Carlos S. Alvarado, PhD, Research Fellow, Parapsychology Foundation

Here is a new article discussing phenomena believed to present evidence against materialism: Toward a Postmaterialist Psychology: Theory, Research, and Applications,” by Mario Beauregard, Natalie L. Trent, and Gary E. Schwartz (New Ideas in Psychology, 2018, 50, 21–33; for a PDF of the article click here).

Mario Beauregard

Mario Beauregard

Natalie L. Trent

Natalie L. Trent

Natalie L. TrentNatalie L. Trent 2

Gary Schwartz


“The majority of mainstream psychologists still adopt a materialist stance toward nature. They believe that science is synonymous with materialism; further, they are convinced that the view that mind and consciousness are simply by-products of brain activity is an incontrovertible fact that has been demonstrated beyond reasonable doubt. This is an incomplete view of what humans are. In this article, we review two categories of empirical evidence that support a shift toward a postmaterialist psychology. The first category of evidence includes mental events that seem to occur outside the spatial confines of the brain, whereas the second category includes mental events that seem to occur when the brain has ceased to function. Taken together, the two bodies of empirical evidence examined here indicate that the idea that the brain creates mind and consciousness is both incomplete and flawed. In the Discussion section, we argue that the transmission hypothesis of the mind-brain relationship can account for all the evidence presented in this article. We also discuss the emerging postmaterialist paradigm and its potential implications for the evolution of psychology.”

The authors argue that “the scientific materialist framework is completely at loss to explain a wide array of empirical phenomena that are thoroughly examined in this article.” They discuss ESP and near-death experiences, and other phenomena such as distant mental influence and reincarnation cases.

It is stated that psychology will be affected in different ways if a materialistic paradigm is rejected:

“Allowing for research from a postmaterialist perspective would impact many subfields within psychology. Not only would a postmaterialist paradigm allow for research to extend further into the potential of the mind, it would do so with an understanding of our interconnection, thereby moving forward in an ethical, holistic way . . . With respect to abnormal psychology, the belief in psi phenomena is currently classified as a symptom of a mental disorder, such as schizotypal personality disorder. A postmaterialist paradigm would recognize that many people do experience psi phenomena, and that these phenomena are not necessarily the products of delusions or pathological belief systems. Furthermore, a postmaterialist paradigm would take into account the enormous power of spirituality and mystical experiences to fundamentally transform one’s life in a positive way . . . As regards social psychology, adopting a postmaterialist paradigm would allow for deeper research into our interconnection and social bonds that may transcend the physical boundaries assumed by scientific materialism . . . The implications of postmaterialist paradigm also extend to crosscultural psychology, whereby other cultural belief systems often correspond to a non-materialist perspective . . . A postmaterialist paradigm can also create a bridge between modern medicine and traditional forms of medicine . . .”

It concluded that:

“Scientific materialism still continues to exert substantial influence in the academic world. QM and the numerous lines of converging empirical evidence discussed here, however, strongly suggest that this ideology is incomplete, erroneous and obsolete: the time is indeed ripe to embrace a broader and more inclusive postmaterialist conception of the world.”

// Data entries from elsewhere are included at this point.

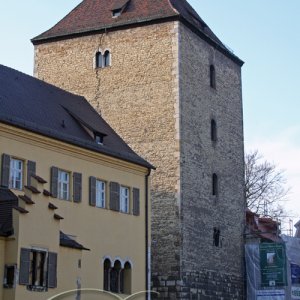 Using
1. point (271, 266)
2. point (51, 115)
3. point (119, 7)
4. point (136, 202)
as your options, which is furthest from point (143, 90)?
point (271, 266)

“The history of science has been marked by a few special moments that were characterized by major conceptual breakthroughs that have been called paradigm shifts or changes . . . It appears that we are now approaching another crucial paradigm shift, namely the transition from materialist science to postmaterialist science. We may be witnessing the end of materialism . . . , at least as originally conceived. Holding great promise for science, this transition may be of vital importance to the evolution of the human civilization. Toward this end, a group of postmaterialist scientists . . . have founded a global Academy for the Advancement of Postmaterialist Sciences to foster theory, research, and applications in all branches of science.”